COLLECTED MATERIAL —
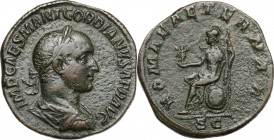 Gordian II Africanus (238 AD).. AE Sestertius, Roma mint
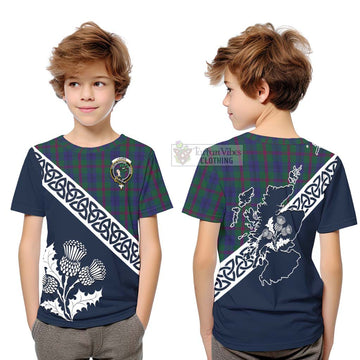 Laurie Tartan Kid T-Shirt Featuring Thistle and Scotland Map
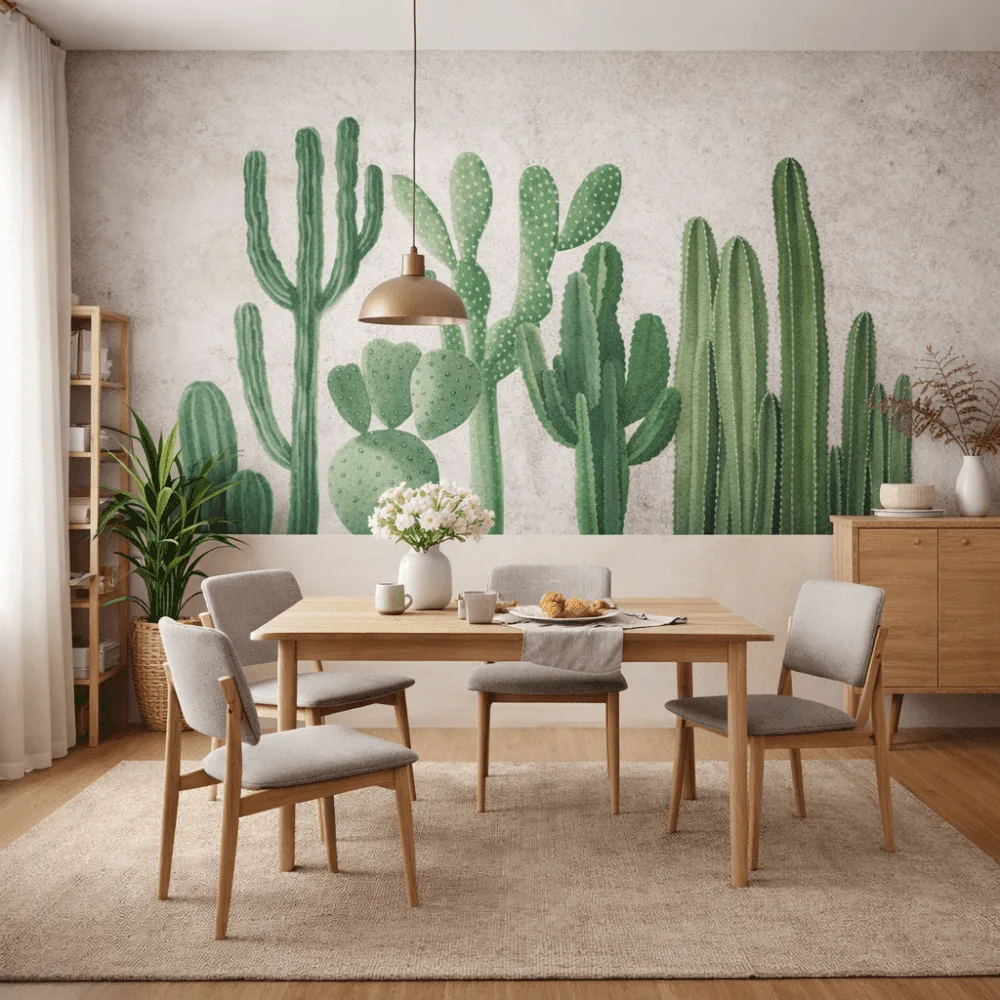 Sulu Boya Kaktüs Desenli Modern Duvar Kağıdı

EXERCISE OBJECTIVE —
Transcribe the listing exactly; skip the pictures.

RESPONSE TO THE TASK —
 Gordian II Africanus (238 AD).. AE Sestertius, Roma mint
 Laurie Tartan Kid T-Shirt Featuring Thistle and Scotland Map
 Sulu Boya Kaktüs Desenli Modern Duvar Kağıdı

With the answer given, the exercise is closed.